A liberal and often controversial figure in the church, Dr Williams is known for his liberalism.
He backs gay and lesbian clergy members, supports women being ordained as bishops and also accepts divorced people re-marrying in church.
He also supports the Church of England losing its established status in the UK and becoming a church on equal footing with all other Christian denominations.
Can Rowan Williams make the Church more modern? Are you pleased to see a liberal man in the post? Is this process the best way to pick the Archbishop of Canterbury?
This debate is now closed. Read a selection of your comments below.
Fantastic news! Rowan Williams offers Christianity a chance of revival in this country something desperately needed especially among my generation (I'm 16). My thoughts of him will always be connected with the delightful memory of him leading a conga around the stage during the communion service at Greenbelt Festival 2000. Let this nation be saved Lord with a little help from this top bloke!
If you have ever met Rowan Williams you will understand what an awe inspiring man he is. I am not strongly religious but have had the opportunity to talk to him on several occasions, watch him with a class of children and listen to his sermons. He is breath taking and the church could certainly do with a few more like him!
Some of the comments that are being made regarding the appointment of Rowan Williams seem to focus on the fact that a Welshman has been made head of the Church of England - well, so what? He's a committed Christian, he believes in an inclusive church, regardless of sexuality, political viewpoint, or even nationality. Christ preached tolerance and inclusiveness - or at least in the bible I have at home he did - so how can the "Christians" who cry "foul" at the
appointment of a Welshman justify this? I say good luck to him - he's going to need it. And all our prayers!
Rowan Williams seems like a forward thinking, understanding, honest and intelligent man. The trouble is that he represents the Christian community and judging from the comments on this site, these are not qualities they particularly value in a leader.
Why does the church need a leader? Christ should be the one and only head, the rest equal members of his body.
Comments debating the supposed liberal credentials of the new archbishop seem to miss the point that this was a political appointee... not a leader chosen by the 7% who attend church. Was this any other organisation I'm sure the cries of foul play or claims of underhand parachuting of preferred sympathetic candidates would be loud and vociferous.
D Walton, UK
It is with great sadness and yet no surprise that I greet the news of Dr Williams' appointment. Anyone who would advocate homosexuality in any walk of life, much less in the ministry, leading congregations and preaching the gospel of Jesus Christ is to be feared, for the damage they could do to the people of God, regardless of the many people they are leading astray.

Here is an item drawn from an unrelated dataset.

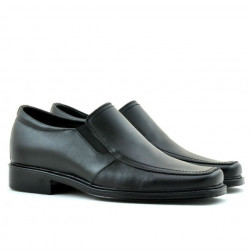 Men stylish, elegant shoes 789 black 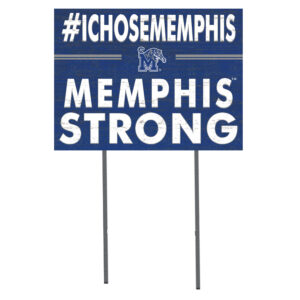 Memphis Tigers 18'' x 24'' I Chose Lawn Sign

I'm delighted that Rowan Williams has been chosen as our next archbishop. He brings so much hope to the future of our church. Few bishops command such a sense of holiness and of realism. He will be there for the marginalised and the rejected, that is the closest possible way of following the Christian life. He is theologically orthodox but shows a real compassion and understanding for others, irrespective of their gender or sexuality. I just pray that conservatives within the church judge him on his holiness rather than on their own party agendas. He will be a fine archbishop, I have no doubt.
Anyone who accepts homosexuality then decries Disney gives a signal toward his ability to selectively define his policies. Thus another step down for the C of E.
Ed King, UK
Yes, Jesus would have shown love to homosexuals, as he did to prostitutes, but he wouldn't have condoned their homosexuality. We should try more loving compassion but without the abandonment of God's clear teachings. This is what will unite the church and I pray that Rowan Williams will follow it.

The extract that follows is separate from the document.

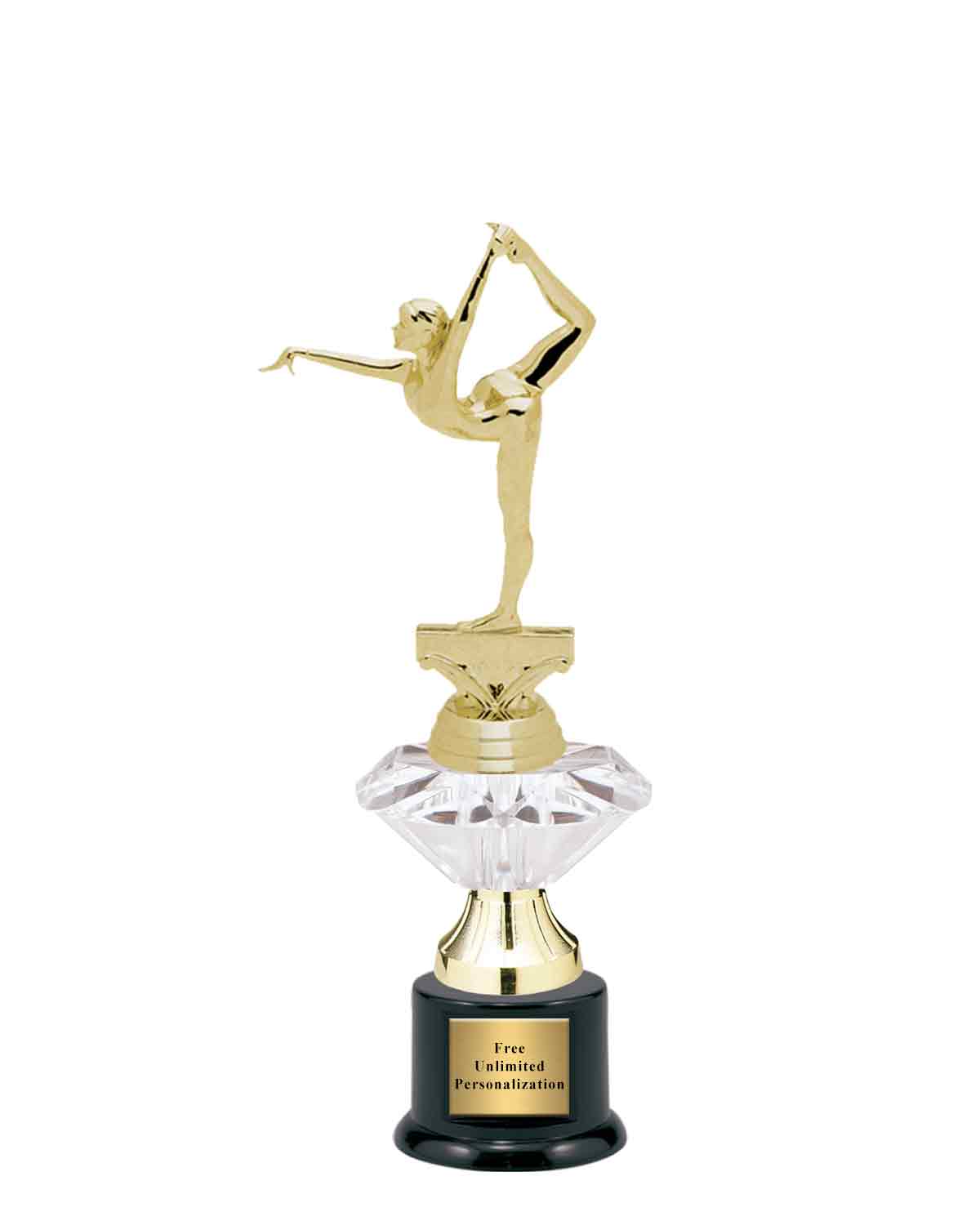 Small Clear Jewel Riser Gymnastics Trophy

The church needs a leadership that will follow the teaching of the Bible - not tradition or a liberal theology. It is apparent that Dr Williams disagrees with the Bible in a number of areas despite his 'strong theological knowledge'. The Bible is very clear that same sex relationships are wrong; it is not implied or stated in a vague way. Less clear is the issue of women in ministry where the Bible shows that in some roles that this is acceptable e.g. administration but not where teaching is involved, which seems to exclude the possibility of women vicars. If Dr Williams' modernisation of the C of E, then the slow trickle of people leaving the C of E will become a flood.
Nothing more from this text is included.